**TASK ITEM:**
Go through the records and set each one down exactly, skipping any picture.

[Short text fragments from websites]
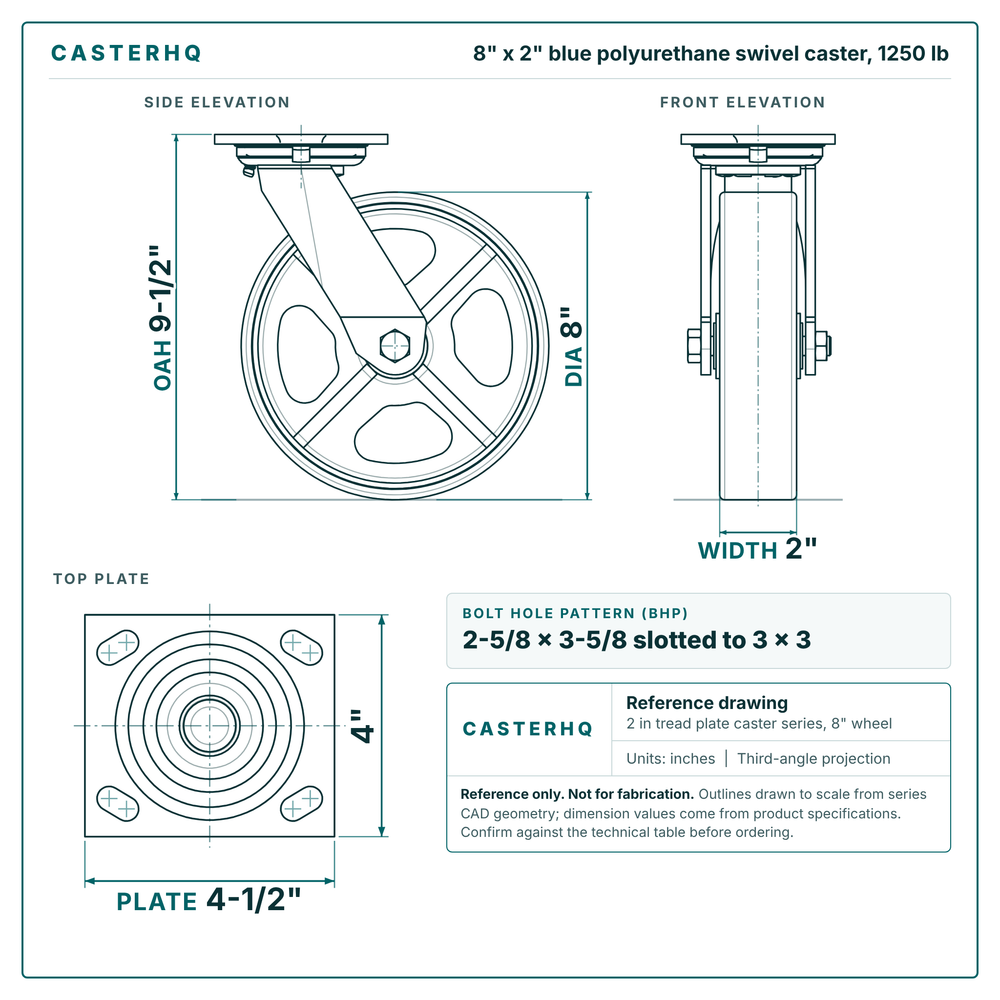 8 x 2 in blue polyurethane swivel caster reference drawing, side, front and top plate views with dimensions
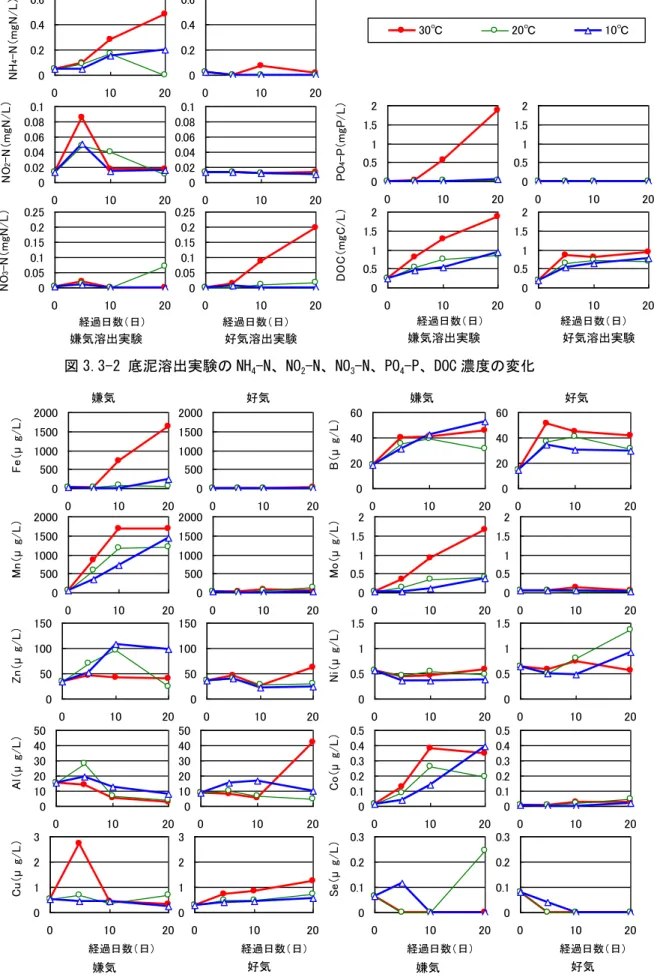 図 3.3-2 底泥溶出実験の NH 4 -N、NO 2 -N、NO 3 -N、PO 4 -P、DOC 濃度の変化  0500100015002000 0 10 20 0500100015002000 0 10 20Mn（μg/L） 00.511.52 0 10 20 00.511.52 0 10 20Mo（μg/L） 050100150 0 10 20 050100150 0 10 20Zn（μg/L） 00.511.5 0 10 20 00.511.5 0 10 20Ni（μg/L） 010203040
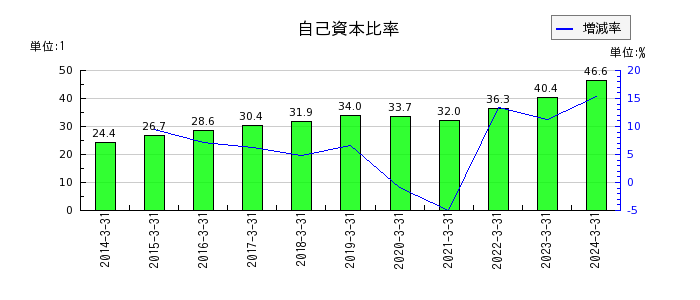 京福電気鉄道の自己資本比率の推移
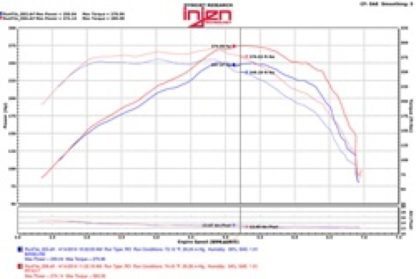 Injen 2016+ Chevy Camaro 2.0L Wrinkle Black Power-Flow Air Intake System - Image 3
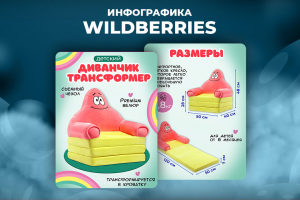 Дизайн карточек Вайлдберриз, Озон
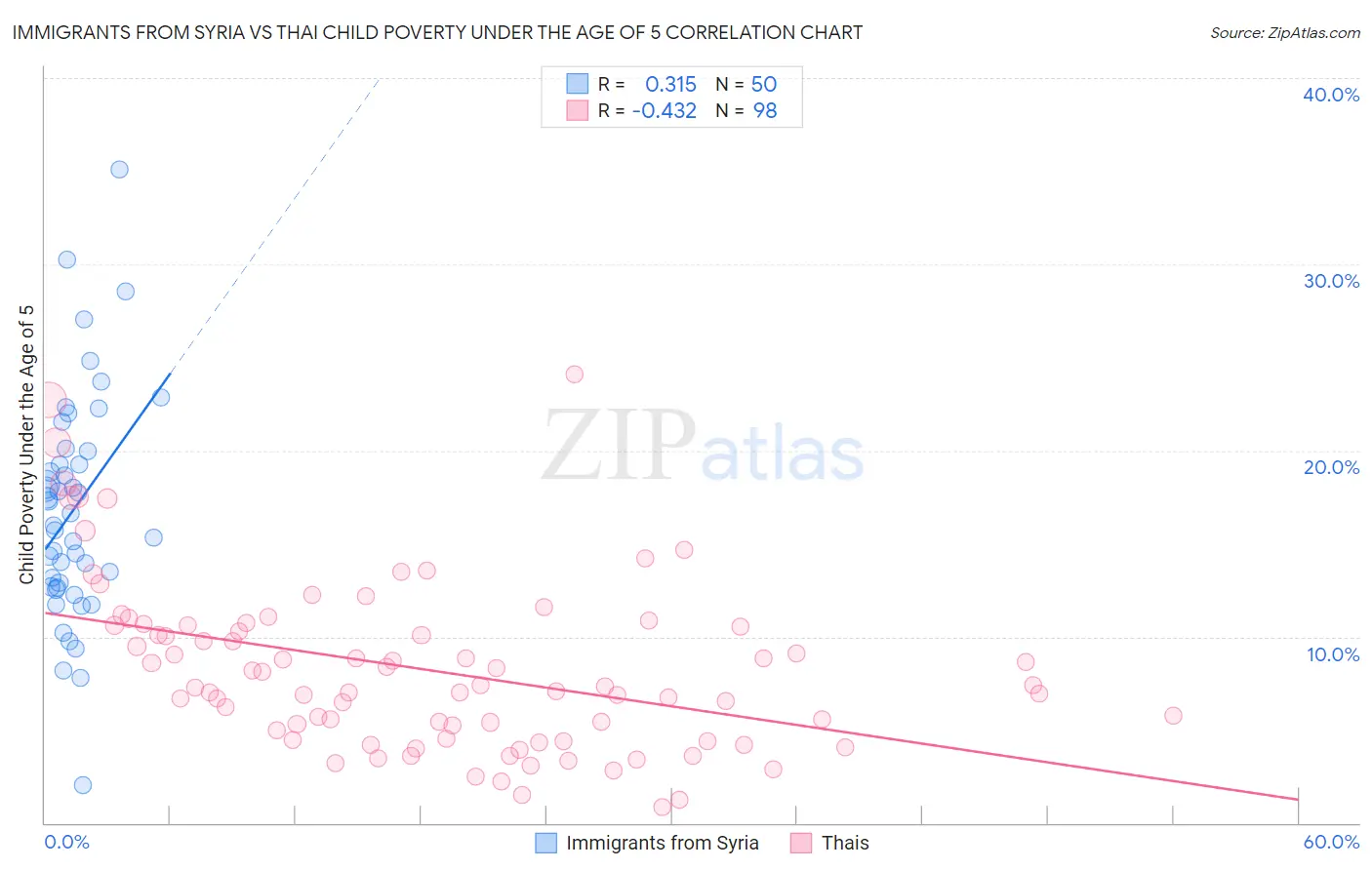 Immigrants from Syria vs Thai Child Poverty Under the Age of 5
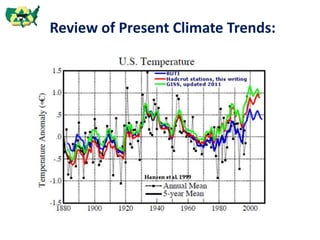 Review of Present Climate Trends:
 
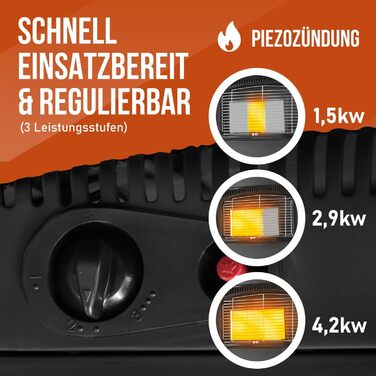 Газовий обігрівач потужністю 4200 Вт - газова духовка/керамічний газовий обігрівач, включаючи регулятор тиску газу, газовий шланг/інфрачервоний керамічний пальник/газовий обігрівач, для газових балонів з бутаном або пропаном до 15 кг (чорний)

**SOLUTION TO THE EXERCISE:**
 8 x 2 in blue polyurethane swivel caster reference drawing, side, front and top plate views with dimensions
 図 3.3-2 底泥溶出実験の NH 4 -N、NO 2 -N、NO 3 -N、PO 4 -P、DOC 濃度の変化  0500100015002000 0 10 20 0500100015002000 0 10 20Mn（μg/L） 00.511.52 0 10 20 00.511.52 0 10 20Mo（μg/L） 050100150 0 10 20 050100150 0 10 20Zn（μg/L） 00.511.5 0 10 20 00.511.5 0 10 20Ni（μg/L） 010203040
 京福電気鉄道の自己資本比率の推移
 Injen 2016+ Chevy Camaro 2.0L Wrinkle Black Power-Flow Air Intake System - Image 3
 Дизайн карточек Вайлдберриз, Озон
 Immigrants from Syria vs Thai Child Poverty Under the Age of 5
 Review of Present Climate Trends:
 
 Газовий обігрівач потужністю 4200 Вт - газова духовка/керамічний газовий обігрівач, включаючи регулятор тиску газу, газовий шланг/інфрачервоний керамічний пальник/газовий обігрівач, для газових балонів з бутаном або пропаном до 15 кг (чорний)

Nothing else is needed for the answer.